## [HOW TO COMPLETE THIS TASK]
Find the line with "ZhaoJum RGB LED" in the entries below. Repeat it, every following line, and the line with "Abraham Lincoln: Vampire", exactly and with nothing added.

Stored dataset items
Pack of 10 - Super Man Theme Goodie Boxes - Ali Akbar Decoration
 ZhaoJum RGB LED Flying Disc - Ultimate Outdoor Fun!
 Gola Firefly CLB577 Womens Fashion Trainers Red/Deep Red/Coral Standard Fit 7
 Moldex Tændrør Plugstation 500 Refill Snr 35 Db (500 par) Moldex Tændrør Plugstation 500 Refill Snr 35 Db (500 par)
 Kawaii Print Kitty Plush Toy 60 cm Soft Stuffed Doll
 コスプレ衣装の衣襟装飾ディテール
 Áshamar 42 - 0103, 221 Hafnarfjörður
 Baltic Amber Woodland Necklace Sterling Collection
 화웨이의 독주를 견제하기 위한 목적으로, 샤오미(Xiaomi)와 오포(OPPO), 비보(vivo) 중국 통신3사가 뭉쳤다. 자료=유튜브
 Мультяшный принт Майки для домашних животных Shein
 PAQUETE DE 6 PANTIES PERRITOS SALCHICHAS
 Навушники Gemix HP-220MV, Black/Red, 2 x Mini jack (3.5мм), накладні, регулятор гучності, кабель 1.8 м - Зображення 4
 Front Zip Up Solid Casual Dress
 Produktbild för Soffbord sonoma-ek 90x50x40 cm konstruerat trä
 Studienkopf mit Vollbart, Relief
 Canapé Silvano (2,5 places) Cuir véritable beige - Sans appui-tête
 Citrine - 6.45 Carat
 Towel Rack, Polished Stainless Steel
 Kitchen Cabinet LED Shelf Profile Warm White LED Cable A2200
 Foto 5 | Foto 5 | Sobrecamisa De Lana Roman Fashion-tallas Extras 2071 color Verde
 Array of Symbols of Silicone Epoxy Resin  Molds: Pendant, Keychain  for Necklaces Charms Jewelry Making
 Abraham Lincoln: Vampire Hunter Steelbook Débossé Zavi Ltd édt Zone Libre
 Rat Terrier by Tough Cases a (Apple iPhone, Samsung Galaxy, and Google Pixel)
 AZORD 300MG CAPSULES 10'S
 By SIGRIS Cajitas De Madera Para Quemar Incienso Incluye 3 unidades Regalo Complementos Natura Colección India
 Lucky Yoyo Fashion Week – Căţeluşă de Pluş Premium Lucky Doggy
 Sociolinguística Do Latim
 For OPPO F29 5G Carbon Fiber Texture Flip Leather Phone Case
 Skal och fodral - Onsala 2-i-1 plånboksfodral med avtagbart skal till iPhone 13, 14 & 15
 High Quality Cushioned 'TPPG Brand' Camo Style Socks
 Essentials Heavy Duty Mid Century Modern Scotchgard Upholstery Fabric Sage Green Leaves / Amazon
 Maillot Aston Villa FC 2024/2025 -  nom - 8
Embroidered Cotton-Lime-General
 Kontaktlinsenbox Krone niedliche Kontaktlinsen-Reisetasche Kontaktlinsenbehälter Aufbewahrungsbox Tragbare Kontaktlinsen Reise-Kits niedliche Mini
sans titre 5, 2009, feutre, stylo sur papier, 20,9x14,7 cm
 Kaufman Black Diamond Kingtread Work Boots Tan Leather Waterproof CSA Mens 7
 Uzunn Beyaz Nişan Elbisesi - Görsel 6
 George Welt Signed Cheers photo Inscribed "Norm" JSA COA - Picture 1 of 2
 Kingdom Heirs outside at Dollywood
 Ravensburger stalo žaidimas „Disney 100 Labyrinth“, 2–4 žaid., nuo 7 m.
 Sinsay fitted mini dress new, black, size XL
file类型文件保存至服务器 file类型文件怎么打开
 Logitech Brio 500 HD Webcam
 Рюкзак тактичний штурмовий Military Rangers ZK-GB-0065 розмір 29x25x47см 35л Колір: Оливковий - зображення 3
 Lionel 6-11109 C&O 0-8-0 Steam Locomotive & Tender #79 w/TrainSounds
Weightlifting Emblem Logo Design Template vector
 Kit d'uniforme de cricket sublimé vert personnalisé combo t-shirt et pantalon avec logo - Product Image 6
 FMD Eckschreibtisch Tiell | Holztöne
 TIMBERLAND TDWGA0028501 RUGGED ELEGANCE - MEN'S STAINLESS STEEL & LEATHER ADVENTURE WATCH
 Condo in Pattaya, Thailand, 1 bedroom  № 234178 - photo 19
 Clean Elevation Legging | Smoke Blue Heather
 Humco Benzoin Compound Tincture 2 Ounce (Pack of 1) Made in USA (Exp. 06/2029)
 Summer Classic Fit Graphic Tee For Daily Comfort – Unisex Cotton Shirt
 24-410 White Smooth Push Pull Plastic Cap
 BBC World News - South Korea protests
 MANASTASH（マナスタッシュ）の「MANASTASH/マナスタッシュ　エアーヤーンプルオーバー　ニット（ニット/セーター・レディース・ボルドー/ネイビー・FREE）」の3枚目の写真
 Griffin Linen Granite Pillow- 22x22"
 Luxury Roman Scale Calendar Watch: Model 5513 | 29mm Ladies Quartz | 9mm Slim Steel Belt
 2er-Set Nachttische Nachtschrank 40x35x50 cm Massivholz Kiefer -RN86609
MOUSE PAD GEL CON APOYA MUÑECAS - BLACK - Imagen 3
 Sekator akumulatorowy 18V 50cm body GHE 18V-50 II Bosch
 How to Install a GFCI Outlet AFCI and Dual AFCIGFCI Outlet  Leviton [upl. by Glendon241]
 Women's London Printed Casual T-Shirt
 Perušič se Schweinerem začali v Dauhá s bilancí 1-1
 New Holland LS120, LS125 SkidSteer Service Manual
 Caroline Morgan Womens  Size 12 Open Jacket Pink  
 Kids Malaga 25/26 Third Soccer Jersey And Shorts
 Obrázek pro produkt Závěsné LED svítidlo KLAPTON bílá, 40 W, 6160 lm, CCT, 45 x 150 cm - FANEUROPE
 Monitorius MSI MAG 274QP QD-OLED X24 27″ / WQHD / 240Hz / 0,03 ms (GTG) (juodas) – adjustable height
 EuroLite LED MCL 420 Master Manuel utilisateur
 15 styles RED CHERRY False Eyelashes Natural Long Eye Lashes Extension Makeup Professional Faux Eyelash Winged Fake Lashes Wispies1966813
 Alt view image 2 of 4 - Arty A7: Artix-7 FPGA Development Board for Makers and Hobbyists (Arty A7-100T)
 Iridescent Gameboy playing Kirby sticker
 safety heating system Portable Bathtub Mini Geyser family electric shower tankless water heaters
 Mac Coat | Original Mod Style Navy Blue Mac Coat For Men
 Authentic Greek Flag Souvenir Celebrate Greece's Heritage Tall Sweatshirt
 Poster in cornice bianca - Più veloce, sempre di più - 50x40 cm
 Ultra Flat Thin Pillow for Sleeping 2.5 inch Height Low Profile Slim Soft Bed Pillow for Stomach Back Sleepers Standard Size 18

## [YOUR RESPONSE]
 ZhaoJum RGB LED Flying Disc - Ultimate Outdoor Fun!
 Gola Firefly CLB577 Womens Fashion Trainers Red/Deep Red/Coral Standard Fit 7
 Moldex Tændrør Plugstation 500 Refill Snr 35 Db (500 par) Moldex Tændrør Plugstation 500 Refill Snr 35 Db (500 par)
 Kawaii Print Kitty Plush Toy 60 cm Soft Stuffed Doll
 コスプレ衣装の衣襟装飾ディテール
 Áshamar 42 - 0103, 221 Hafnarfjörður
 Baltic Amber Woodland Necklace Sterling Collection
 화웨이의 독주를 견제하기 위한 목적으로, 샤오미(Xiaomi)와 오포(OPPO), 비보(vivo) 중국 통신3사가 뭉쳤다. 자료=유튜브
 Мультяшный принт Майки для домашних животных Shein
 PAQUETE DE 6 PANTIES PERRITOS SALCHICHAS
 Навушники Gemix HP-220MV, Black/Red, 2 x Mini jack (3.5мм), накладні, регулятор гучності, кабель 1.8 м - Зображення 4
 Front Zip Up Solid Casual Dress
 Produktbild för Soffbord sonoma-ek 90x50x40 cm konstruerat trä
 Studienkopf mit Vollbart, Relief
 Canapé Silvano (2,5 places) Cuir véritable beige - Sans appui-tête
 Citrine - 6.45 Carat
 Towel Rack, Polished Stainless Steel
 Kitchen Cabinet LED Shelf Profile Warm White LED Cable A2200
 Foto 5 | Foto 5 | Sobrecamisa De Lana Roman Fashion-tallas Extras 2071 color Verde
 Array of Symbols of Silicone Epoxy Resin  Molds: Pendant, Keychain  for Necklaces Charms Jewelry Making
 Abraham Lincoln: Vampire Hunter Steelbook Débossé Zavi Ltd édt Zone Libre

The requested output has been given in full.